1. Using `jdl.Generator`¤

Create and seed a jdl.Generator object and pass it to the jdl.DataLoader.

# Create a specific generator with its own seed
g1 = jdl.Generator().manual_seed(4321)

# This dataloader will use g1, overriding any global seed
dl_jdl_gen = jdl.DataLoader(ds, backend='jax', batch_size=2, shuffle=True, generator=g1)

print("DataLoader with jdl.Generator first batch:", next(iter(dl_jdl_gen)))

DataLoader with jdl.Generator first batch: (array([[ 6,  7],
       [10, 11]], dtype=int32), array([3, 5], dtype=int32))

2. Using `jax.random.PRNGKey`¤

Directly use a jax.random.PRNGKey as the generator.

# Create a JAX PRNGKey
key = jax.random.PRNGKey(4321)

# This dataloader will use the JAX key, overriding any global seed
# jax-dataloader handles the key internally for reproducible iteration.
dl_jax_key = jdl.DataLoader(ds, backend='jax', batch_size=2, shuffle=True, generator=key)
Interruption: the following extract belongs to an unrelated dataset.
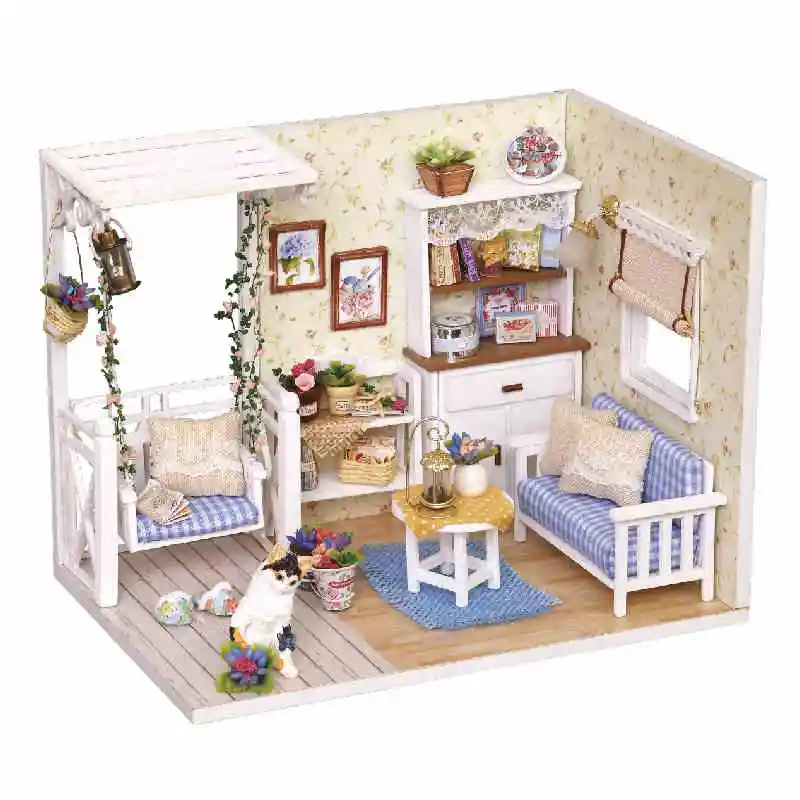 

Doll House Furniture Diy Miniature Dust Cover 3D Wooden Miniaturas Dollhouse Toys Cat Children Birthday Gifts Kitten Diary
print("DataLoader with JAX PRNGKey first batch:", next(iter(dl_jax_key)))

DataLoader with JAX PRNGKey first batch: (array([[ 6,  7],
       [10, 11]], dtype=int32), array([3, 5], dtype=int32))

3. Using torch.Generator¤

When using the 'torch' backend, you can use a torch.Generator.

# Create a PyTorch generator
g3 = torch.Generator().manual_seed(5678)

# This dataloader uses the 'torch' backend and the PyTorch generator
dl_torch_gen = jdl.DataLoader(ds, backend='pytorch', batch_size=2, shuffle=True, generator=g3)

print("DataLoader with torch.Generator first batch:", next(iter(dl_torch_gen)))

DataLoader with torch.Generator first batch: [array([[ 0,  1],
       [14, 15]], dtype=int32), array([0, 7], dtype=int32)]

Trade-offs: Global Seed vs. Per-Dataloader Generators¤

Consider these trade-offs when deciding how to manage randomness.

Global Seed (`jdl.manual_seed()`)¤

Simplicity: Very easy to implement with one line for basic reproducibility.
Implicit Consistency: Automatically ensures dataloaders created subsequently (without their own generator) share the same base randomness, useful for simple synchronization.

Per-Dataloader Generator (`generator=...`)¤

Fine-grained Control: Allows independent and precise randomness management for each dataloader.
Isolation: Prevents randomness in one dataloader from affecting others.
Integration: Works naturally with JAX keys or PyTorch generators.
Modularity: Better suited for complex applications or libraries where components need self-contained randomness.